Generally, the emphasis in ifort 8.0 is on optimization for P4 and later (/QxW, /QxN, /QxP). The loops of interest to you should vectorize. With recent versions of 8.0, which allocate arrays on 16-byte boundaries when you permit it, this should give good performance for loop lengths beyond 50 or so.

ipo isn't very relevant for BLAS, unless, possibly,you are testing with short arrays and want to in-line the BLAS functions into your test driver. In that case, there would have been no reason to use CVF /optimize:5, as that would optimize for longer loops.

I don't think anyone would buy IMSL for BLAS, with so many public BLAS versions available, and MKL optimized for IA processors.

g_f_thomas · ‎05-28-2004

"We can't read your mind, as to which CPU you are using, which options, which compiler versions, which tests you are using to compare."

What a mean-mouthed comment, so typical of tcprince! Nobody is impressed, you don't help anyone, least of all yourself, but whose's counting?.

It looks like IMSL 5 gives you all of MKL, so don't waste anything, especially money, on the latter.

HTH,
Gerry T.

arypramudito · ‎05-28-2004

Well TC prince i want to have a function IMSL like for matrix subroutine, since i dont have IMSL5 for IFORT, but i do for CVF.
Thats why i try to compile LAPACK library. I compiled library using CVF and IFORT for testing the speed to.

My processor was an AMD, but i will go for a bench on my office comp that has P4.

For CVF i using same "make" as i download from netlibs but i edit option build: df -optimize:2 as df -optimize:5 and processor option is Pentium3 for building a static library.
Since LAPACK gave a demo testing and bench by creating the exe files, i build the exe and ran the test. The testing showed that i have error on verification.
I did compiling static library and demo exe again by using optimize:4 and optimize:3, the result is optimize:4 still gave error, and optimize:3 give no error.

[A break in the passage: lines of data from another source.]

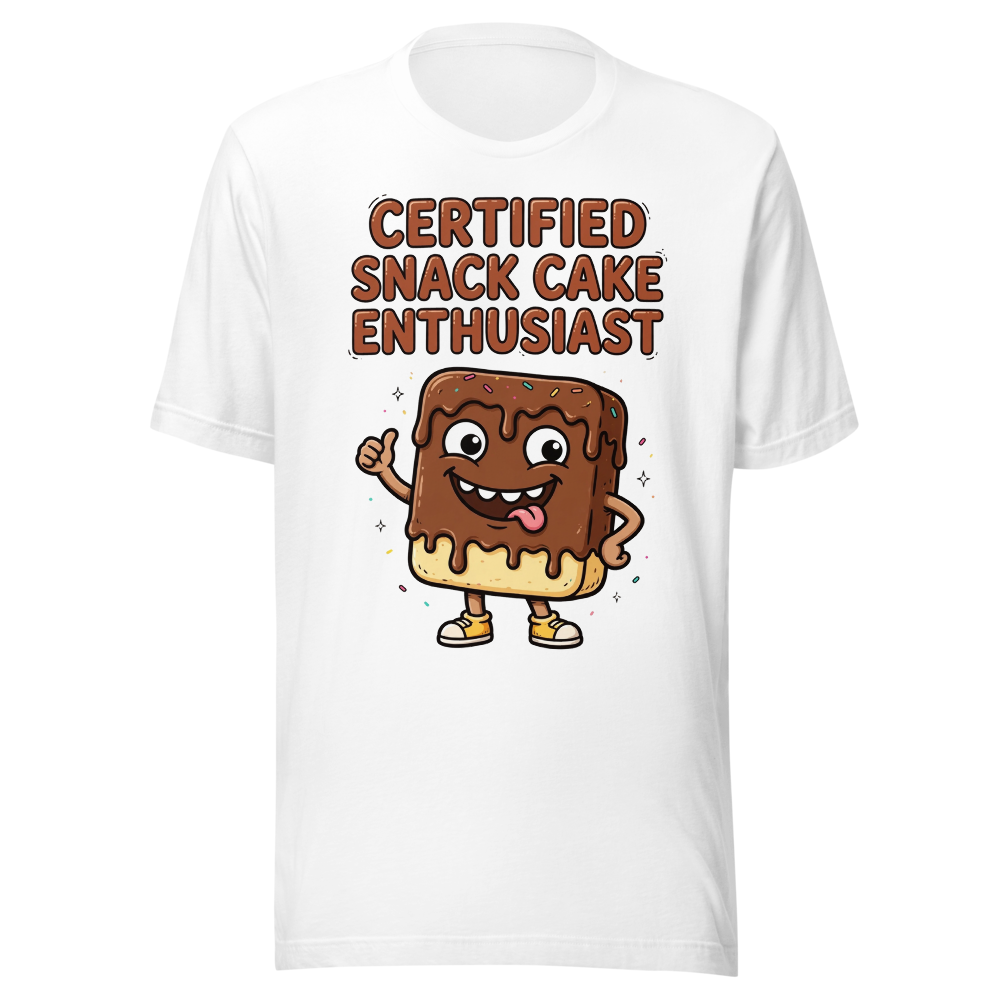 Snack Cake Character
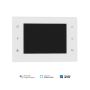 LCD Display Multi-Stage Thermostat Programmable Heat Pump System for Room
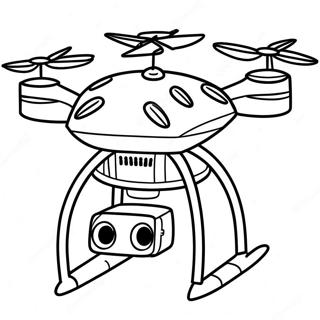 Dron Szinezolap 138668-69951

For IFORT i change the make "make" with ifort /QaxW /Qx /Qipo
resulting error when reasembly lib to create exe file
so i change to ifort /QaxW /Qx
It was succesfull and i try to bench the exe bench resulting CVF compiled is faster almost 50%.

Question :
For CVF; To much optimize will kill you ?
For IFORT 8.0, Why the speed difference is quite big?

arypramudito · ‎05-28-2004

Sorry mistypes

/Qx should be /Ox

CVF is 6.5 and 6.6B
IFORT vers is 8 standard

additional option is /architecture:pn3 /tune:pn3 for both build options CVF and IFORT.

g_f_thomas · ‎05-28-2004

tcprince:

"We can't read your mind, as to which CPU you are using, which options, which compiler versions, which tests you are using to compare."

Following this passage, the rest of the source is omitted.